Task statement: The task for the listing below is to write out exactly the lines starting at the one containing "Colgante corazÃ³n oro TOUS" and ending at the one containing "013 Peanuts Woodstock", both included. Pictures are to be omitted.

Entries provided:
━━━━━━━━

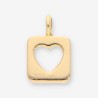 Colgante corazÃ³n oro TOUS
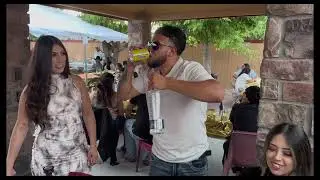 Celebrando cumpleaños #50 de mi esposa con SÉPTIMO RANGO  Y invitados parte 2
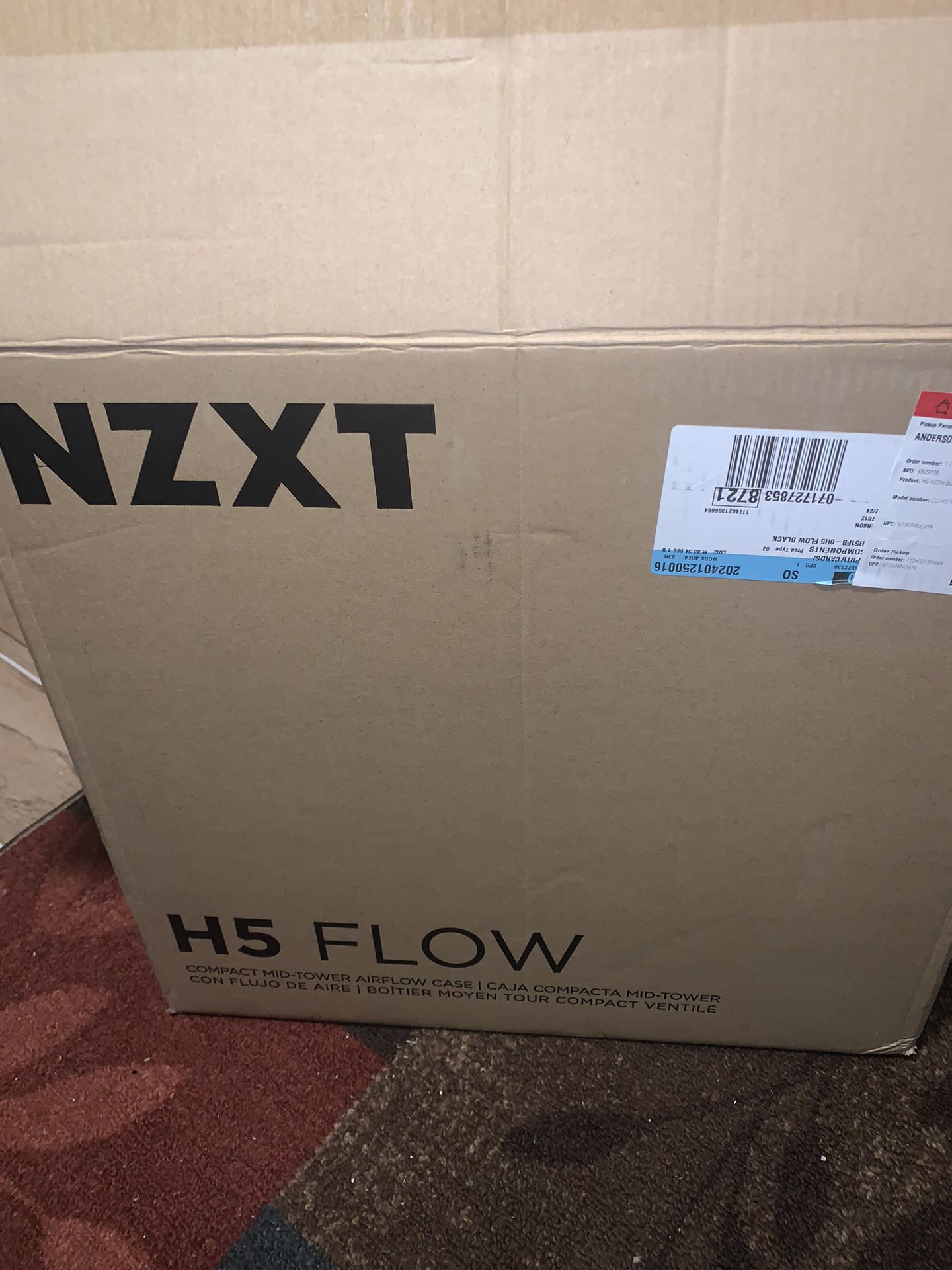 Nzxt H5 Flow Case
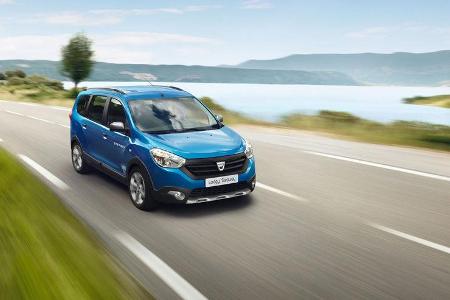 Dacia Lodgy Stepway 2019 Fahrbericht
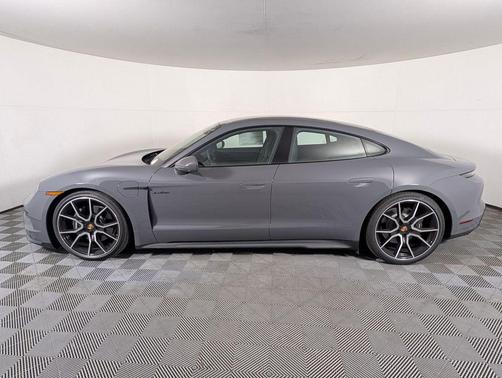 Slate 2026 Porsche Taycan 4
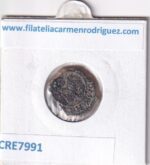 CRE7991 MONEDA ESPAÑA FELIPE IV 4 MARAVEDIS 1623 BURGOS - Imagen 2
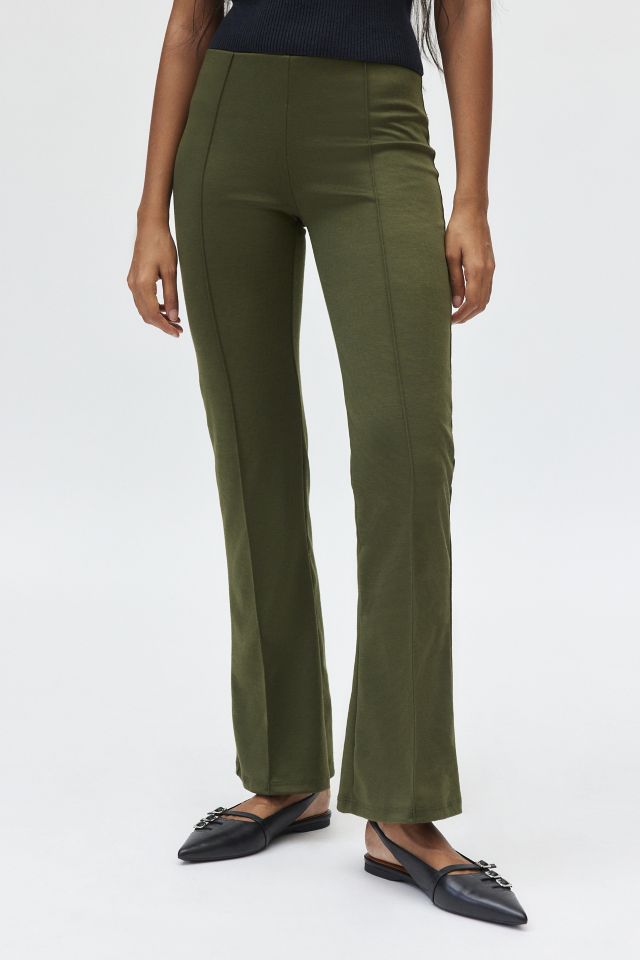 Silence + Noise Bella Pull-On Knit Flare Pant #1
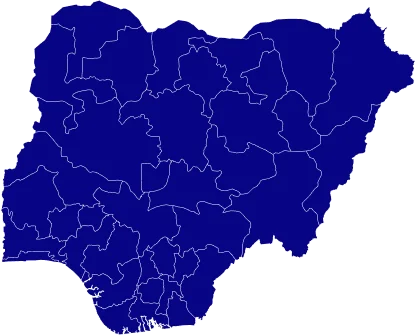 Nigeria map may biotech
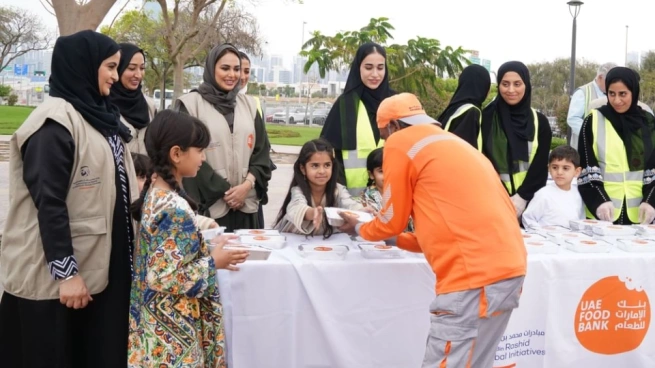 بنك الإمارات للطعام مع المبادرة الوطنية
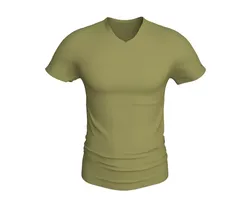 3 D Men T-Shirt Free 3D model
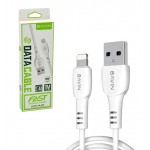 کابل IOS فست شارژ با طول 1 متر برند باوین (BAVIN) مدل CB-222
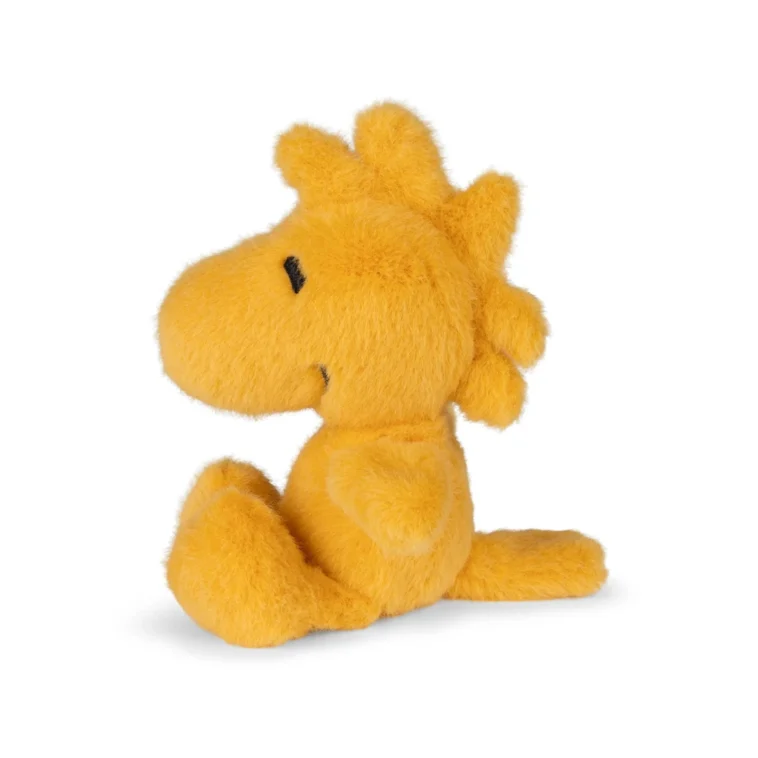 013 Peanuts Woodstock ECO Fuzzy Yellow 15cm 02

━━━━━━━━

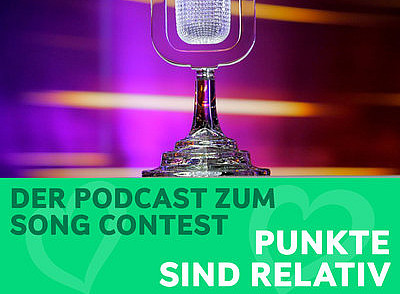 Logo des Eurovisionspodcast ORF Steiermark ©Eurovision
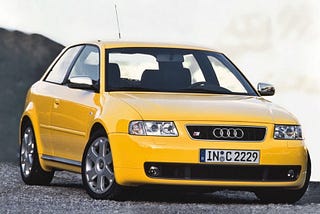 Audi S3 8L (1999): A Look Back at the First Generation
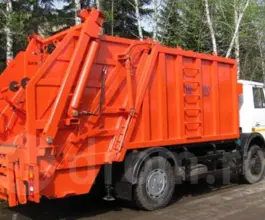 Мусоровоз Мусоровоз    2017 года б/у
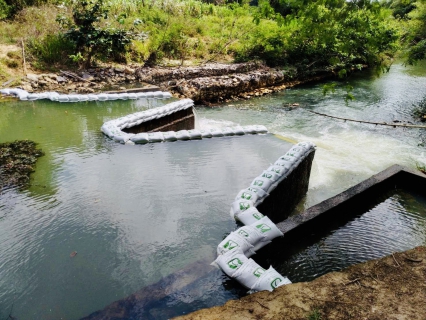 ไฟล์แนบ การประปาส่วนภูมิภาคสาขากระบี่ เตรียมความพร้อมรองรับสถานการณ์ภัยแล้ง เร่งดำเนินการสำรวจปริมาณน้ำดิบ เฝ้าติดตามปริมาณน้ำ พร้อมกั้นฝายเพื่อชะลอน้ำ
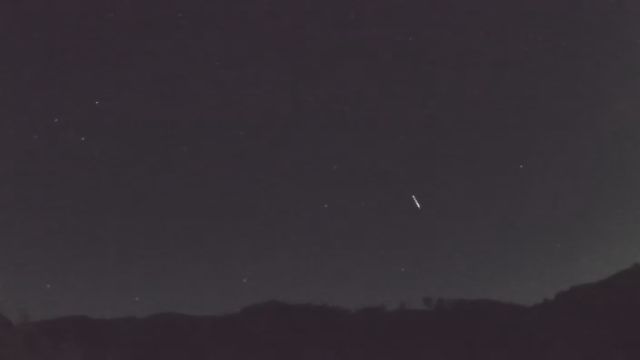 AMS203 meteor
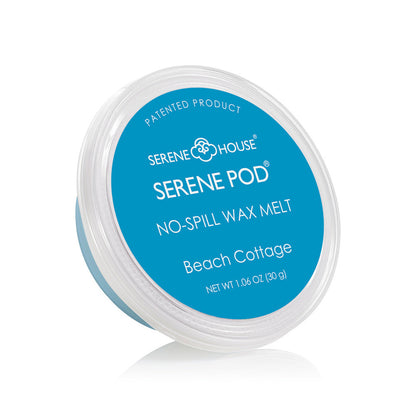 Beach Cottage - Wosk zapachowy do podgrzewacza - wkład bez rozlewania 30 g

━━━━━━━━

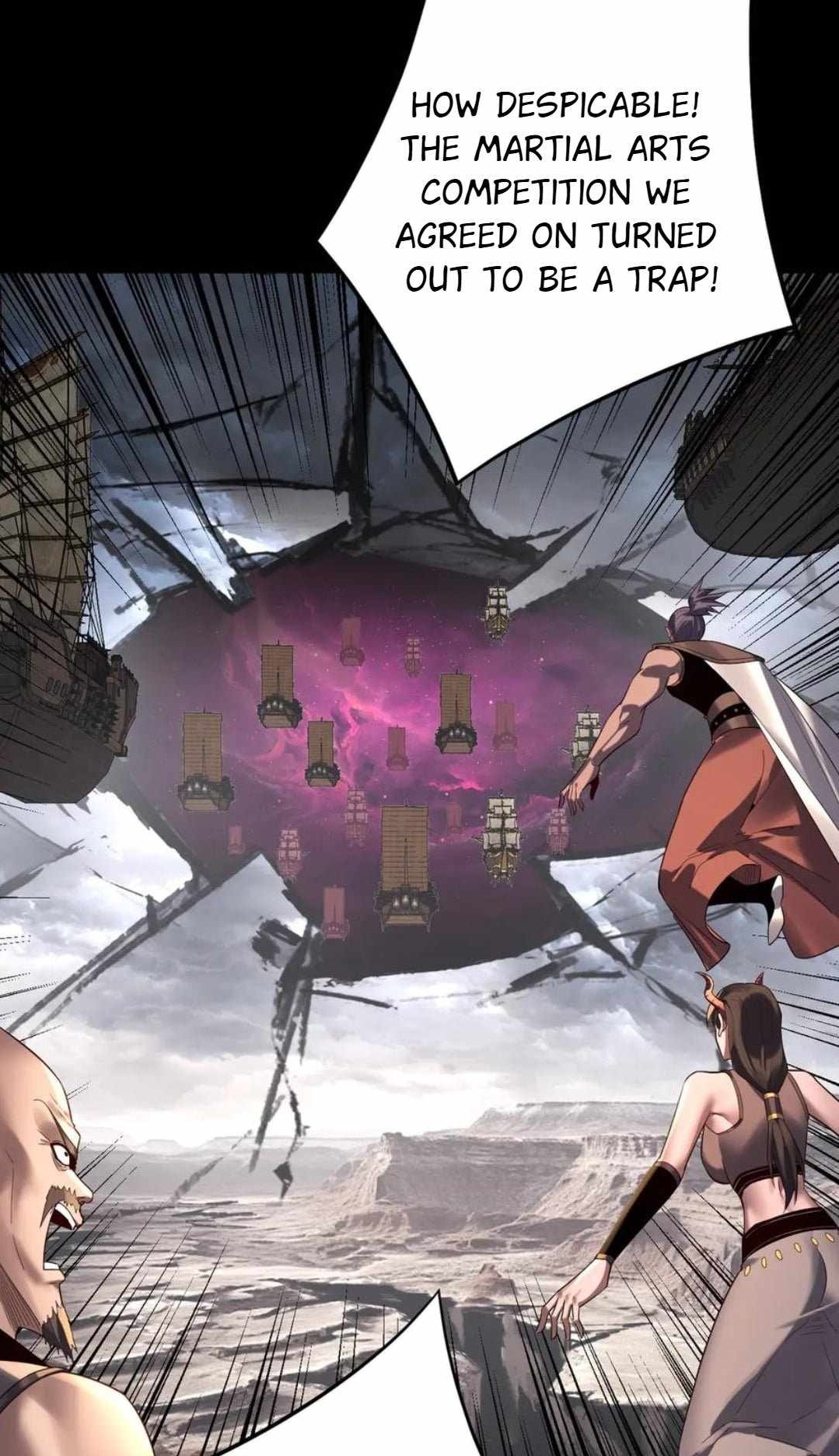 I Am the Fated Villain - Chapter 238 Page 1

━━━━━━━━

Answer for this exercise:
 Colgante corazÃ³n oro TOUS
 Celebrando cumpleaños #50 de mi esposa con SÉPTIMO RANGO  Y invitados parte 2
 Nzxt H5 Flow Case
 Dacia Lodgy Stepway 2019 Fahrbericht
 Slate 2026 Porsche Taycan 4
 CRE7991 MONEDA ESPAÑA FELIPE IV 4 MARAVEDIS 1623 BURGOS - Imagen 2
 Silence + Noise Bella Pull-On Knit Flare Pant #1
 Nigeria map may biotech
 بنك الإمارات للطعام مع المبادرة الوطنية
 3 D Men T-Shirt Free 3D model
 کابل IOS فست شارژ با طول 1 متر برند باوین (BAVIN) مدل CB-222
 013 Peanuts Woodstock ECO Fuzzy Yellow 15cm 02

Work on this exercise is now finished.